Its main theme examines the relationship between the human mind and the universe; the poem discusses the influence of perception on the mind, and how the world can become a reflection of the operation of the mind. Although Shelley believed that the human mind should be free of restraints, he also recognised that nothing in the universe is truly free; he believed that there is a force in the universe to which the human mind is connected and by which it is influenced. Unlike Coleridge, Shelley believed that poets are the source of authority in the world, and unlike Wordsworth, believed that there was a darker side of nature that is an inherent part of a cyclical process of the universe, a notion similar to the theory put forth by the French naturalist George Cuvier.
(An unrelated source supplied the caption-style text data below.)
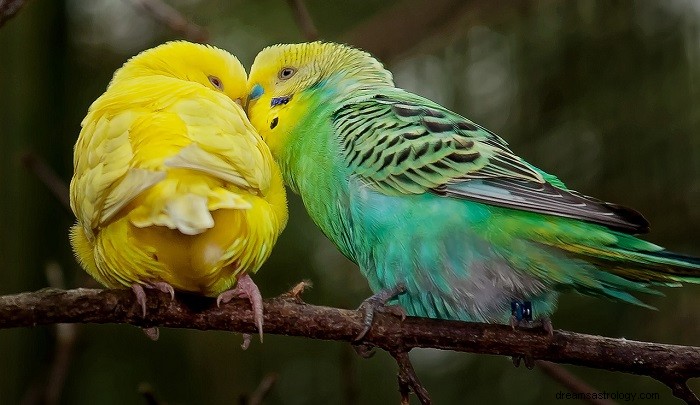 Parrot Dreams: Decoding Their Meaning & Symbolic Significance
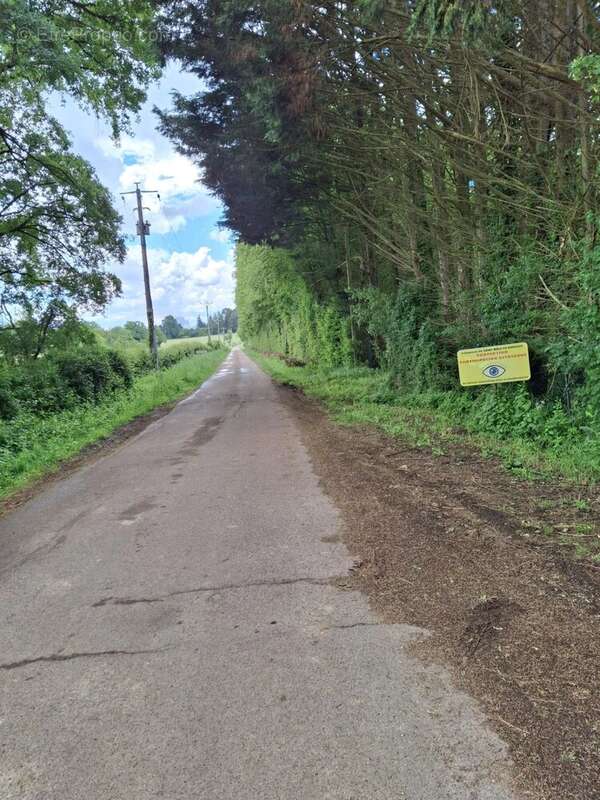 À vendre longère terrain 1,8 ha St-Malo-en-Donziois - photo 32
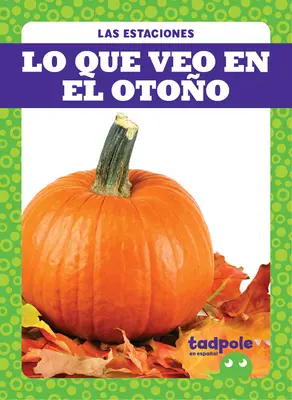 Lo Que Veo En El Otoo (Quello che vedo cadere) - Lo Que Veo En El Otoo (What I See Fall)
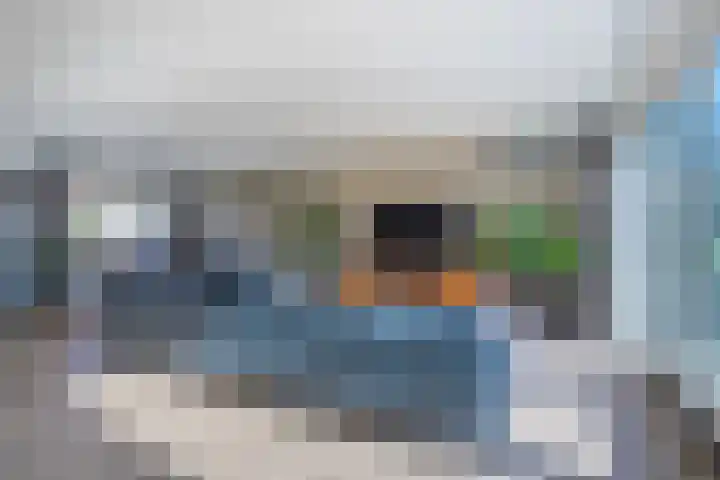 Korenbloem 65 Duiven thumbnail 12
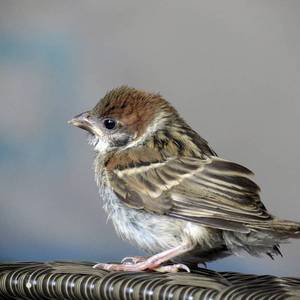 04小麻雀想念妈妈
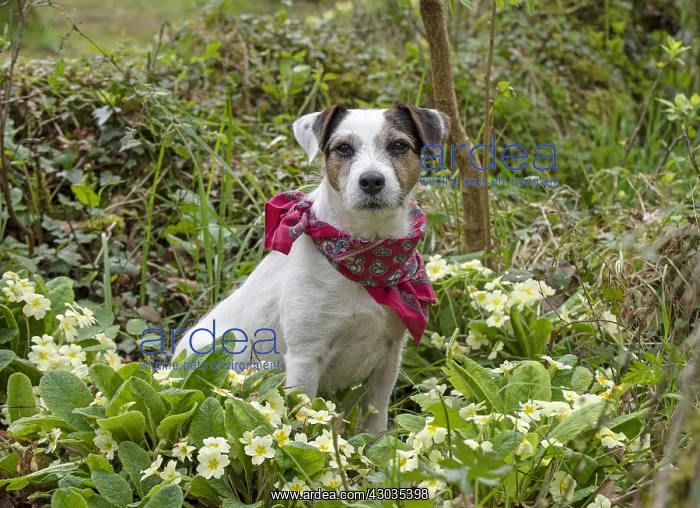  : Dog. Parson Jack Russell in a sping garden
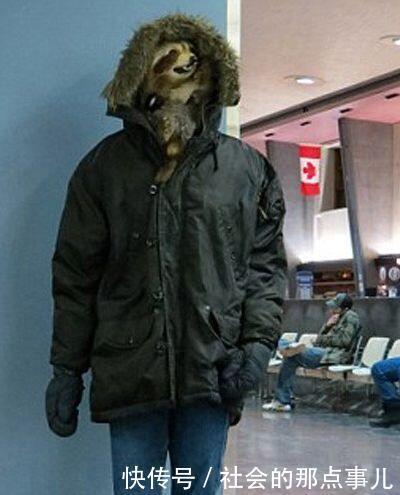 男子逛商场时发现门口有两个怪人,上前一看,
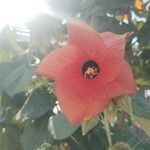 Hibiscus tiliaceus Цветок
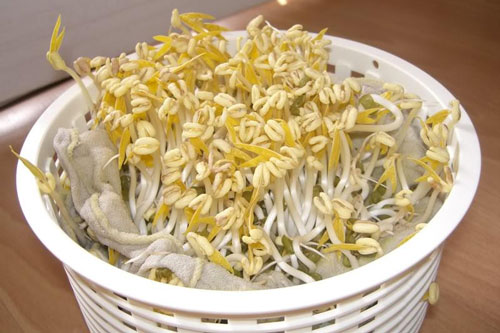 Cách làm giá đỗ đơn giản nhất ngay tại nhà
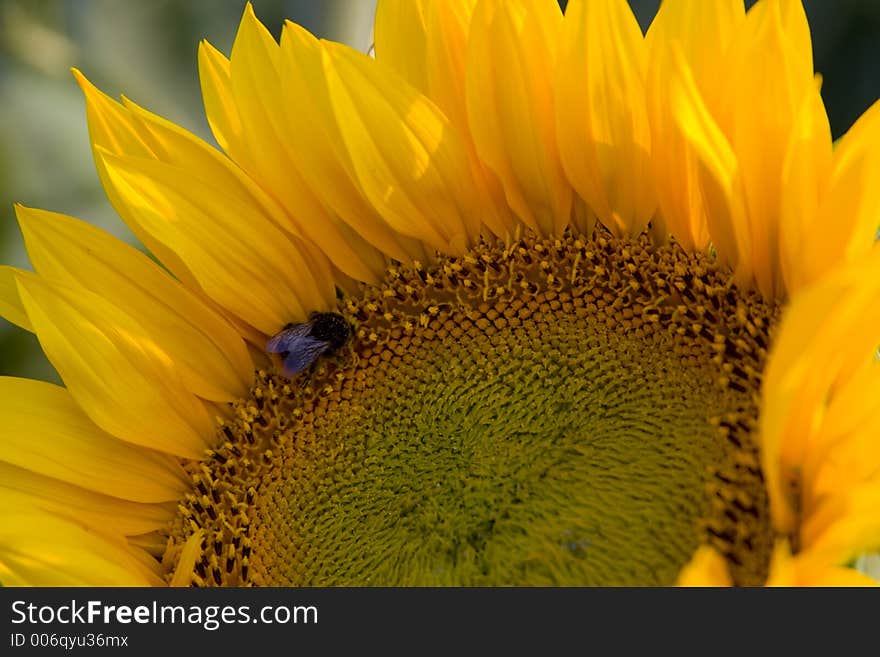 Part of sunflower. Part of sunflower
The poem's relationship with the mountain becomes a symbol for the poet's relationship with history. The poet is privileged because he can understand the truth found in nature, and the poet is then able to use this truth to guide humanity. The poet interprets the mountain's "voice" and relays nature's truth through his poetry. The poet, in putting faith in the truth that he has received, has earned a place among nature and been given the right to speak on this truth. Nature's role does not matter as much as the poet's mediation between nature and man. Shelley, and the poet in "Mont Blanc", opposes organised religion and instead offers an egalitarian replacement. However, only a select few can truly understand the secrets of the universe.

==Reception==
History of a Six Weeks' Tour received three reviews at the time of its publication, all generally favourable. Blackwood's Edinburgh Magazine quoted extensive excerpts from the third stanza, which contains similar themes and symbols as the "Letters from Geneva" in the Tour. The reviewer wrote that that poem was "too ambitious, and at times too close an imitation of Coleridge's sublime hymn on the vale of Chamouni". As critic Benjamin Colbert explains in his analysis of the reviews, "what points Shelley seems to score with this reviewer are not based on his originality or the provocative implications of his descriptions, but on his approximation of a success already mapped out by other travel writers".